6.2.4. Effect of Permeability

As shown in Figure 13, a higher permeability (e.g., 1.82 × 10−3 μm2) leads to an earlier CO2 breakthrough (at 1.1 HCPV), yet it achieves a higher ultimate recovery (73.1%, Table 14) due to enhanced diffusion and dissolution capacity. In contrast, a lower-permeability core (0.81 × 10−3 μm2) exhibits delayed breakthrough and lower ultimate recovery (60.58%). These results indicate that, although increasing injection volume promotes CO2 diffusion and dissolution, reservoir permeability remains a key constraining factor.
In high-permeability cores, the more connected pore network and larger pore-throat pathways (Figure 14) reduce flow resistance, allowing CO2 to form continuous flow channels and channelize rapidly, resulting in earlier breakthrough (defined here as the CO2 mole fraction reaching 5% at the outlet). This better connectivity also enables CO2 to contact and displace residual natural gas more effectively across a larger pore volume, leading to higher macroscopic displacement efficiency and ultimate recovery. In low-permeability cores, narrow pore throats and strong microscopic heterogeneity increase flow resistance, restricting CO2 penetration into smaller pores and causing flow to be confined to tortuous pathways, which reduces sweep efficiency and ultimate recovery. For all cores, increasing injection volume improved recovery; however, the recovery increase in low-permeability cores remained significantly lower than in high-permeability cores due to inherent physical constraints.

7. Conclusions

(1)
The tight gas reservoirs in the central Shenfu area are characterized by ultra-low porosity and permeability, strong water-wet properties, and high irreducible water saturation (40–60%).

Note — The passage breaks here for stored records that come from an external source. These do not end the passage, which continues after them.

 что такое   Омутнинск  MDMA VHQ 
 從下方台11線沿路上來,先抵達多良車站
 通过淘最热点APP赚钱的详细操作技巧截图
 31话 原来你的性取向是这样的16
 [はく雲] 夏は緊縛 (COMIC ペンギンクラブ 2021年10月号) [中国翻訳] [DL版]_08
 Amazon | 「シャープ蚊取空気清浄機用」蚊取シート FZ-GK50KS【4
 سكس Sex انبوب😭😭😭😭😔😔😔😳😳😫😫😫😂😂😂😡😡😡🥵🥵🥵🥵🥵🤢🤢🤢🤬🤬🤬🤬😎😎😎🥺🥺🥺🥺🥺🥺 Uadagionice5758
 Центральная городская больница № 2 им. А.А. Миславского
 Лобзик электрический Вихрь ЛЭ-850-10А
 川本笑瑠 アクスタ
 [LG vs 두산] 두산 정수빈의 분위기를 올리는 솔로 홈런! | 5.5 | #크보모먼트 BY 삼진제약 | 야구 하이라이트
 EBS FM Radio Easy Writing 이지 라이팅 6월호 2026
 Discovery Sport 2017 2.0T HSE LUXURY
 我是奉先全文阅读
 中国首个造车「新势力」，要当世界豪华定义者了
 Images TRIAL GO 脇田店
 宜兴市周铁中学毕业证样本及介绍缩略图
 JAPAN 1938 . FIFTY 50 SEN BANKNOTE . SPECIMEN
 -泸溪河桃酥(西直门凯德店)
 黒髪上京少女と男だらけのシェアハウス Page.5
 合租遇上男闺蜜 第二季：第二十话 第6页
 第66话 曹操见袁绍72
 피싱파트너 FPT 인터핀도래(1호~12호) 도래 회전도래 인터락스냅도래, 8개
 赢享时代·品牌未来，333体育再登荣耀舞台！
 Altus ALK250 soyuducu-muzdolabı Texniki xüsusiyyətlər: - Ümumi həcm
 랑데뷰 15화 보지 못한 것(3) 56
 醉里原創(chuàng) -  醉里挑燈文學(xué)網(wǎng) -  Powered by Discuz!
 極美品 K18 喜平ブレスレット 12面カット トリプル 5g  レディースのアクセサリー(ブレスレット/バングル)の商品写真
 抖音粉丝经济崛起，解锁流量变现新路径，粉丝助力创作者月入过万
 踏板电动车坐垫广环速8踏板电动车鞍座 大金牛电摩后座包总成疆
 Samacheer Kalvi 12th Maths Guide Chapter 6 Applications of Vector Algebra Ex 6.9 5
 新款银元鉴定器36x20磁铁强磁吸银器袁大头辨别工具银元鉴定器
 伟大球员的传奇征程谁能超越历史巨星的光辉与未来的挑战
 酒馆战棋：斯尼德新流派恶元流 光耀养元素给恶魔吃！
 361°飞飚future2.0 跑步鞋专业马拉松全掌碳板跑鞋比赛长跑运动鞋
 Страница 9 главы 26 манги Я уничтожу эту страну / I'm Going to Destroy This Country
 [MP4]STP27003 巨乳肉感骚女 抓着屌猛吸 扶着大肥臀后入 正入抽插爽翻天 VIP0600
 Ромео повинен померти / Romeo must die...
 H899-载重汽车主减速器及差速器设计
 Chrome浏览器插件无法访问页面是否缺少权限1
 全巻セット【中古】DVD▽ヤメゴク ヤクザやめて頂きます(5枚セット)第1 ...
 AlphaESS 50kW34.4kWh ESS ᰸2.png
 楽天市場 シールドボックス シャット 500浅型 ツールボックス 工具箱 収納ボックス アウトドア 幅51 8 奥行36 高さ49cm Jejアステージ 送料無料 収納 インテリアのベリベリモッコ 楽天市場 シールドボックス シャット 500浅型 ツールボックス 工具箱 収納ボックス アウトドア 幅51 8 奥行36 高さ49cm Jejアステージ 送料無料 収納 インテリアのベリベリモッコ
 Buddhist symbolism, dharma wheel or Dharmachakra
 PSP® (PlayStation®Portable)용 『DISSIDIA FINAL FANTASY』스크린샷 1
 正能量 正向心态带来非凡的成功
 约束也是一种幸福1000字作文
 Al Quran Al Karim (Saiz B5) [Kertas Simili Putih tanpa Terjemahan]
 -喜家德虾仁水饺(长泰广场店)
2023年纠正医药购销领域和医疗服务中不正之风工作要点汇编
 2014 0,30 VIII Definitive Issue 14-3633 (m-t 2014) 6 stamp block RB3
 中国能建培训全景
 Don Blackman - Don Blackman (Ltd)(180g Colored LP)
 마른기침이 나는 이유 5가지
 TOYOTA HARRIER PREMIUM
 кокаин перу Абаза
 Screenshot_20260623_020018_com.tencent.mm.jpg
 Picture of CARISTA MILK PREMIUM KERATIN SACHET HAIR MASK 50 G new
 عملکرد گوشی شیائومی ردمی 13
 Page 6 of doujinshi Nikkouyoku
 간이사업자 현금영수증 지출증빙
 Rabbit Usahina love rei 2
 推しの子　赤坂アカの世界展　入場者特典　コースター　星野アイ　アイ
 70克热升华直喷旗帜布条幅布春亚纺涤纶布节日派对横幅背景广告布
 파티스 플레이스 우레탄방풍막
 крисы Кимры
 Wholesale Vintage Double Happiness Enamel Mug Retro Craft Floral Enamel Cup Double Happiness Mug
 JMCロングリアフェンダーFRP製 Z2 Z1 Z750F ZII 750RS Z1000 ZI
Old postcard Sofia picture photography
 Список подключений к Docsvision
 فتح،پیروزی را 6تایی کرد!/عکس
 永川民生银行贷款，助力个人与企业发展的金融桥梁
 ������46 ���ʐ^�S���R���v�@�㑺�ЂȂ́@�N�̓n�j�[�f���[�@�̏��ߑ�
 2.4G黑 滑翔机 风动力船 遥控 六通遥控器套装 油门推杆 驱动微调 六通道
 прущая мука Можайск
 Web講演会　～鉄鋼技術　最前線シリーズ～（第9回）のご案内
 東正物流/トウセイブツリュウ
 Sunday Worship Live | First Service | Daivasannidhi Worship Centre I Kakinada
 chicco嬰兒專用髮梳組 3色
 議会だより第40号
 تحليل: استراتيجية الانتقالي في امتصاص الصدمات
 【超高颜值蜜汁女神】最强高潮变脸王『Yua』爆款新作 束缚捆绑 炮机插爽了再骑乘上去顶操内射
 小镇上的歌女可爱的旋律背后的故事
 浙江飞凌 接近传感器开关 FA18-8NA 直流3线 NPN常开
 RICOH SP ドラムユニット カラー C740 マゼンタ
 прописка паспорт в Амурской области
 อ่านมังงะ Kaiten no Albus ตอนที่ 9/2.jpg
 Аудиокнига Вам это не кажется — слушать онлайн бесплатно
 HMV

Water blocking damage during production leads to a sharp decline in gas relative permeability, severely constraining well productivity.
(2)
In the artificial core experiments, the effectiveness of CO2 injection is influenced by key operational and core parameters. Experimental results show that higher injection pressure (up to 8 MPa) and interstitial injection velocity (up to 0.583 ft/day) improve sweep efficiency and recovery. An optimal injection volume of approximately 2.0 PV was identified, beyond which the incremental recovery declines slightly. Core permeability significantly affects performance, with higher-permeability cores achieving up to 73.1% recovery compared to 60.58% in lower-permeability cores.
(3)
This study systematically evaluated the potential of CO2-EGR under controlled conditions using artificial core experiments. The quantitative relationships between injection parameters and recovery provide fundamental data for understanding CO2 flooding behavior in such reservoirs and serve as an important laboratory-scale reference for designing and interpreting field pilot tests.
(4)
It is recommended that future studies conduct pore-scale simulations or microfluidic experiments to deepen the understanding of the underlying mechanisms. Additionally, research should prioritize the use of natural core samples or systematic comparative experiments between artificial and natural cores to improve the reliability of extrapolating experimental results to field conditions.
(5)
Based on insights from these laboratory experiments, the integration of CO2 injection with managed pressure production and optimized fracturing practices is conceptually proposed as a synergistic development strategy focused on energy replenishment, damage mitigation, and water control. This conceptual framework requires further validation through field pilots but offers a preliminary technical pathway for consideration in enhancing recovery in the challenging reservoirs of the central Shenfu area.

Author Contributions

Conducted experimental data analysis and drafted the manuscript, Z.L.; Secured funding for the research and supervision, R.Z.; Provided conceptual guidance and methodology, L.H.; Developed the experimental setup, performed data collection and validation, K.Z.; Provided experimental equipment and resources, B.Z.; Contributed to data collection, the literature review, and critical revision of the manuscript, Y.Y.; Project administration and supervised the overall research process, H.Z. All authors have read and agreed to the published version of the manuscript.

Funding

National Science and Technology Major Project in China (Grant No: 2024ZD1406600).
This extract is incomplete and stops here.